(HOW TO COMPLETE THIS TASK):
Two lines below mark the span: the one containing "Three Pug Moon" and the one containing "Caroline's Treasures CK6485GF". Set down both, plus every line between, exactly as they stand, and nothing else.

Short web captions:
+--

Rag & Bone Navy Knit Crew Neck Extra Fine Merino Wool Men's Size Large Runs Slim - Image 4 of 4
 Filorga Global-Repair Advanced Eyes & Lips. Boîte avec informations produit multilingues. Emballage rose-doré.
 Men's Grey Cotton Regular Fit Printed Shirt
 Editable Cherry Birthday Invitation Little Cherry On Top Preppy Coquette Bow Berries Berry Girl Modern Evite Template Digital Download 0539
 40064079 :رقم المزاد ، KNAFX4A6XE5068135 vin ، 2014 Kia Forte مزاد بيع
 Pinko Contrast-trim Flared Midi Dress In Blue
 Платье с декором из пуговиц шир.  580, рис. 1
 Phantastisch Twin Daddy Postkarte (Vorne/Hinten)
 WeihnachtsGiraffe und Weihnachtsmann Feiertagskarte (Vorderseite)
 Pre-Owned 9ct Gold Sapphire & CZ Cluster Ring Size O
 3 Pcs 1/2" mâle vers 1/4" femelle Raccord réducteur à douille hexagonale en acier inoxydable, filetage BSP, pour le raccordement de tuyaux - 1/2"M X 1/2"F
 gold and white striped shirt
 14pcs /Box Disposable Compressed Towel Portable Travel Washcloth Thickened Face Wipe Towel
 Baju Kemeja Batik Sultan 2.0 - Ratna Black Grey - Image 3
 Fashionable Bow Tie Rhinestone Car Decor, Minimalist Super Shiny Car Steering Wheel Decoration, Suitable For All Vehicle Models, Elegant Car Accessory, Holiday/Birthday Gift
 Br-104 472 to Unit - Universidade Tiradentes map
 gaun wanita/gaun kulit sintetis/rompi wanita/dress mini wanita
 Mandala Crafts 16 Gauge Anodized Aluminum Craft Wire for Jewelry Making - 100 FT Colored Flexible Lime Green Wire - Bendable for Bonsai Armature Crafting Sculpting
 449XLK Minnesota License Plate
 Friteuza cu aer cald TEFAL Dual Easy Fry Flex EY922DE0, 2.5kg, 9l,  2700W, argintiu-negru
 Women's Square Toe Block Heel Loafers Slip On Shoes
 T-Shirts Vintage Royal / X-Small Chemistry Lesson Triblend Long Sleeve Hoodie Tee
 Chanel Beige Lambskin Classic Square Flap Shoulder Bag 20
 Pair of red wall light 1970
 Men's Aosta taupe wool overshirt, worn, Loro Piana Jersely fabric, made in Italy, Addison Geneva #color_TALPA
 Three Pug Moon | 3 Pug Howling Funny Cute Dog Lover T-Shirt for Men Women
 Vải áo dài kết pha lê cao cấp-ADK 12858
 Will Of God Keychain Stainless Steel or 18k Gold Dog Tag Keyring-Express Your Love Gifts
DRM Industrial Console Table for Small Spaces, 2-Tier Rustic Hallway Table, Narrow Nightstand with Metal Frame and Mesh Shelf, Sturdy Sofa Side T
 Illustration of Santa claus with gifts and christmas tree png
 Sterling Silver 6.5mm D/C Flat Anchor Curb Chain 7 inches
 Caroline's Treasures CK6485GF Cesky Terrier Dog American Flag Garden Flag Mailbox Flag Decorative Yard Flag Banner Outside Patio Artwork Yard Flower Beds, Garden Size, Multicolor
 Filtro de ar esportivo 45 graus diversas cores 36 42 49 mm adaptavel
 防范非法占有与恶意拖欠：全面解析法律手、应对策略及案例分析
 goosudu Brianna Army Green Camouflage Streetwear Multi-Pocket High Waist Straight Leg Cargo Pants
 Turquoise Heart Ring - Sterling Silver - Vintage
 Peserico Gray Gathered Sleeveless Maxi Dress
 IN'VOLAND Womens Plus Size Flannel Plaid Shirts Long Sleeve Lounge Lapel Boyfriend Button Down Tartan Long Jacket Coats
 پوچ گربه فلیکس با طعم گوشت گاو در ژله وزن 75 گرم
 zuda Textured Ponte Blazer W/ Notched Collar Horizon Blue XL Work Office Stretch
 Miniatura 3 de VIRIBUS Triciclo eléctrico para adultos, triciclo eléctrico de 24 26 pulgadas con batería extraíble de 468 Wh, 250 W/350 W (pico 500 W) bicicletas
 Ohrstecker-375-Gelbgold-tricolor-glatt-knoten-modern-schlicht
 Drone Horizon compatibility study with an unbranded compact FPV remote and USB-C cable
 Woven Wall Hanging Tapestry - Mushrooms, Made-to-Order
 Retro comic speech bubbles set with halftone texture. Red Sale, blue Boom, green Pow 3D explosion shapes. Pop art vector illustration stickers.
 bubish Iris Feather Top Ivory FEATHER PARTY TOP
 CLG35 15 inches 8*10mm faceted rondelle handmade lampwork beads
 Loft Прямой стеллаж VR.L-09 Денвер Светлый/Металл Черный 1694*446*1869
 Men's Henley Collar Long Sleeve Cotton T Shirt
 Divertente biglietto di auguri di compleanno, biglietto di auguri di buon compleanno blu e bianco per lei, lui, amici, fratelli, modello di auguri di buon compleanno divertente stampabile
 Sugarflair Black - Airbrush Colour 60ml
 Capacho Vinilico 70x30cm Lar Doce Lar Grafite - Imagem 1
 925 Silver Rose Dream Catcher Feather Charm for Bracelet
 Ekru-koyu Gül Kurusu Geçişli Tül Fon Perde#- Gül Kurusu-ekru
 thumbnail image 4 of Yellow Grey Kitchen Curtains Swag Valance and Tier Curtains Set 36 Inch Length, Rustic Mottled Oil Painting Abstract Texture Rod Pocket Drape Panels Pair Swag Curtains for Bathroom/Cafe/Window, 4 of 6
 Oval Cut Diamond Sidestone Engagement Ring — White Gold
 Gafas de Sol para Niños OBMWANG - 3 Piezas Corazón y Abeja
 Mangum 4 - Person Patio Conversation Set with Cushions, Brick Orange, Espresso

+--

(OUTPUT OF THE TASK):
 Three Pug Moon | 3 Pug Howling Funny Cute Dog Lover T-Shirt for Men Women
 Vải áo dài kết pha lê cao cấp-ADK 12858
 Will Of God Keychain Stainless Steel or 18k Gold Dog Tag Keyring-Express Your Love Gifts
DRM Industrial Console Table for Small Spaces, 2-Tier Rustic Hallway Table, Narrow Nightstand with Metal Frame and Mesh Shelf, Sturdy Sofa Side T
 Illustration of Santa claus with gifts and christmas tree png
 Sterling Silver 6.5mm D/C Flat Anchor Curb Chain 7 inches
 Caroline's Treasures CK6485GF Cesky Terrier Dog American Flag Garden Flag Mailbox Flag Decorative Yard Flag Banner Outside Patio Artwork Yard Flower Beds, Garden Size, Multicolor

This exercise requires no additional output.